Et ce qui est le plus déplorable, c'est qu'un tel état d'esprit, de telles erreurs et injustices établies au cours de l'histoire, sont maintenues, se prolongent ensuite pendant des décennies et des siècles, par faiblesse et faute d'études propres à les redresser.

Ce phénomène a une cause essentielle : en tous temps, les hommes aspirent à être comparés et même, s'identifient à ceux qui en leur temps émergeaient aux yeux des membres de la société. Courtisans le plus souvent mais en tous cas, parvenus à un rang élevé,autrefois, ils continuent à exercer bien après eux une véritable fascination. Je me trouve placé en une situation géographique qui m'autorise à l'affirmer : tout un chacun dans son orbe au centre de laquelle j'ai été conduit à exercer, se réclame aujourd'hui de Buffon ou de Cuvier. Aucune occasion n'est perdue de citer, d'évoquer par des portraits, de commémorer ceux qui ne brillaient pas par la modestie mais qui au contraire exerçaient un quelconque pouvoir. Il y a quelques jours encore, lors d'une inauguration, un Ministre socialiste évoquant les noms qui ont fait la grandeur du Muséum, a tu celui de Lamarck, cité Buffon et fait l'éloge de Cuvier (12). Lamarck l'a ainsi écrit : "je me trouve entraîné dans une dissidence que le temps, plus que la raison, peut raisonnablement terminer ; car je n'ai guère maintenant d'autre juge que la partie même dont je combats les préceptes, partie qui a pour elle l'avantage de l'opinion".
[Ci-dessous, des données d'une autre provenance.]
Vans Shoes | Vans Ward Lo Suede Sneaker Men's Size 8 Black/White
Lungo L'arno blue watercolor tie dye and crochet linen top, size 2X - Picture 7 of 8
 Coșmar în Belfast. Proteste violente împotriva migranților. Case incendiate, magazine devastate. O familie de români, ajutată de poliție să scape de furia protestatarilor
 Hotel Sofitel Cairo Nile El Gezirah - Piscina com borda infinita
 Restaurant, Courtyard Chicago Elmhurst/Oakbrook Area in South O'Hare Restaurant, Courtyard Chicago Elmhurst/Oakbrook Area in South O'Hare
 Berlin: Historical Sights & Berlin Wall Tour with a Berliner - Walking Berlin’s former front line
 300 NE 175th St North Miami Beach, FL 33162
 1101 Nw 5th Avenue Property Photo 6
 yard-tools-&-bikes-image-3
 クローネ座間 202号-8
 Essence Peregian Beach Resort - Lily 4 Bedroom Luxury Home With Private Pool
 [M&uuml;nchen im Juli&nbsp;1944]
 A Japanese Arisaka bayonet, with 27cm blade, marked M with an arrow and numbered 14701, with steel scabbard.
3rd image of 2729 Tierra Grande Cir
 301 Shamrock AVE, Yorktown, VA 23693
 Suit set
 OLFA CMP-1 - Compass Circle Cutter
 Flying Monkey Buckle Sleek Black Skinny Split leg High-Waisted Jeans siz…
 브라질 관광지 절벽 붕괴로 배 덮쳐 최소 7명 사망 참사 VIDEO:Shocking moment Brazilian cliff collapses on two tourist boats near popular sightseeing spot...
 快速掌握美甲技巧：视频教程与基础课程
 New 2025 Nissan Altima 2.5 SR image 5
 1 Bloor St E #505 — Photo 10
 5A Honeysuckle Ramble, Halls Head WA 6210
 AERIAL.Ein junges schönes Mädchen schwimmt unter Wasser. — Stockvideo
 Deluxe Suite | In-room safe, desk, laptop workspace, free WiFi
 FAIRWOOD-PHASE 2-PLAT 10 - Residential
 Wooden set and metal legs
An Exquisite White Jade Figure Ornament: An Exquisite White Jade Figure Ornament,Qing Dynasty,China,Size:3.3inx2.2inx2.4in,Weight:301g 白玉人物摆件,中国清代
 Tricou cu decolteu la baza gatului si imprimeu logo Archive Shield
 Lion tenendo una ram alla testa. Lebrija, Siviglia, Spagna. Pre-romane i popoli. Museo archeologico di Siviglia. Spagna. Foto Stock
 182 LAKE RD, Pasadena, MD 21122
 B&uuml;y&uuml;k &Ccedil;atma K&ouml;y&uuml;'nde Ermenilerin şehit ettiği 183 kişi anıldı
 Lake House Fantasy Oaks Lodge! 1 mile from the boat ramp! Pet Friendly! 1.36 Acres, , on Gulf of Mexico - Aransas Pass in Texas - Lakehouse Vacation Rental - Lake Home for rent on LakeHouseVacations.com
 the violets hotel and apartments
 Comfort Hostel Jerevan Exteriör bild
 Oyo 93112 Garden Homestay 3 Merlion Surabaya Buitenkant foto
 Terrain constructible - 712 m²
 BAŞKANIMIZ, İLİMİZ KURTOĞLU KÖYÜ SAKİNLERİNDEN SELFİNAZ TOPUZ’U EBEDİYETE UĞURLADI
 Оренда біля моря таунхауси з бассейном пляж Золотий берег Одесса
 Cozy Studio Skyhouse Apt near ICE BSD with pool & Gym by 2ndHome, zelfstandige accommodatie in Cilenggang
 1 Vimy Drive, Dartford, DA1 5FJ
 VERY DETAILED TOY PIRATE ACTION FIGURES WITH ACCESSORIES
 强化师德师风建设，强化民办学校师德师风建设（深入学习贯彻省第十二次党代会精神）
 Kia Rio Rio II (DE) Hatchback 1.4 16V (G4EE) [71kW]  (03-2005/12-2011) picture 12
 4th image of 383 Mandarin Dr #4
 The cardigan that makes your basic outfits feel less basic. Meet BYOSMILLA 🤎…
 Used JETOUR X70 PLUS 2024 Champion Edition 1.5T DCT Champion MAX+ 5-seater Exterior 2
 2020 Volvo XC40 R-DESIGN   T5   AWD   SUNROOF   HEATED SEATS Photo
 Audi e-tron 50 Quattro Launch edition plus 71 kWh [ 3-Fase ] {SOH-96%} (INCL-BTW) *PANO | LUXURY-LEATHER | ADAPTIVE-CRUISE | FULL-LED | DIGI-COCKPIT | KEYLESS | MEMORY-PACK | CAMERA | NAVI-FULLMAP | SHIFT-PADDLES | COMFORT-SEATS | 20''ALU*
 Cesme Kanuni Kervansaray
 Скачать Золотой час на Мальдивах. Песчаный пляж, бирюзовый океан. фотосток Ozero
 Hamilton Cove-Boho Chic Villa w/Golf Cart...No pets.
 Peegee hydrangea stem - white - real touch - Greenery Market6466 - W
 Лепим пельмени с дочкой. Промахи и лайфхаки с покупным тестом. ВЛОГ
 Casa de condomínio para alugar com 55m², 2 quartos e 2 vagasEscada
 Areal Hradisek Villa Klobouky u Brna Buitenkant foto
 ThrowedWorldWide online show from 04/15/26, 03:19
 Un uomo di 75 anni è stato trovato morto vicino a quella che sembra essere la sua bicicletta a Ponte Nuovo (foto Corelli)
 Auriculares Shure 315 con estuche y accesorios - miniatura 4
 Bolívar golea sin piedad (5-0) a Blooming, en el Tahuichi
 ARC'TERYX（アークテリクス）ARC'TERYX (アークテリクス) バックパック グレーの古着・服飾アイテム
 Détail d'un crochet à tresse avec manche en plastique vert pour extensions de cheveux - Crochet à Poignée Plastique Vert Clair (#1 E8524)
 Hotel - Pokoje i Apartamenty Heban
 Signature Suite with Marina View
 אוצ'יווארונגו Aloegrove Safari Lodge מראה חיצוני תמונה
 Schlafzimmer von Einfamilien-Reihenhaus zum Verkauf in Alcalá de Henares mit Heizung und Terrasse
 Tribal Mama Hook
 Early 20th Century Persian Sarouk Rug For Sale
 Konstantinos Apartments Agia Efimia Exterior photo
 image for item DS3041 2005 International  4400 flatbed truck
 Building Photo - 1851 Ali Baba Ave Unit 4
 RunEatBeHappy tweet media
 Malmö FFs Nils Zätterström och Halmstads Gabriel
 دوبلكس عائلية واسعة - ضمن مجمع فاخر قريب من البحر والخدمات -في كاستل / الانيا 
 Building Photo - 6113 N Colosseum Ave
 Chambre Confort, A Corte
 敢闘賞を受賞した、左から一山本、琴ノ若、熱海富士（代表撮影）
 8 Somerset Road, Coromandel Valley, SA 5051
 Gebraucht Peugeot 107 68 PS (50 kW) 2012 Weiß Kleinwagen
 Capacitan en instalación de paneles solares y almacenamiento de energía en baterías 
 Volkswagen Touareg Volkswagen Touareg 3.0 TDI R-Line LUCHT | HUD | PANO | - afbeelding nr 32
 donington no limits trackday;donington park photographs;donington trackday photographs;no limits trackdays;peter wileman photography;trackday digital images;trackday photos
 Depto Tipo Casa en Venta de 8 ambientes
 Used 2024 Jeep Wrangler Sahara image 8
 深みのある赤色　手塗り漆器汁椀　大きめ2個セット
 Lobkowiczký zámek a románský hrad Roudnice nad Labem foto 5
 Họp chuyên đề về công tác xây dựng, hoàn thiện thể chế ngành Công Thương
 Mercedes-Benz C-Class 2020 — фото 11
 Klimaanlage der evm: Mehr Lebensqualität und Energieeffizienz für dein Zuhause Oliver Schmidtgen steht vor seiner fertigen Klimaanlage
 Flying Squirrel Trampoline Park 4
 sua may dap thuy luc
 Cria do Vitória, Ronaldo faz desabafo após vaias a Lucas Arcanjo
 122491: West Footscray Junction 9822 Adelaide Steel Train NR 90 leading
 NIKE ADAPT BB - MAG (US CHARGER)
Mais l'adversité est tenace, le cas Lamarck reste d'actualité et je me plais à clore en citant ce propos émanant du très regretté Pr. Pierre-P. Grassé, propos qu'il m'adressait quelques jours avant sa mort (13) : "Les scientifiques qui sont restés étrangers aux hommages rendus à leurs maîtres ne se sont pas grandis par leur abstention. La gratitude n'est pas leur fort ; ils ont purement et simplement manqué à leur devoir".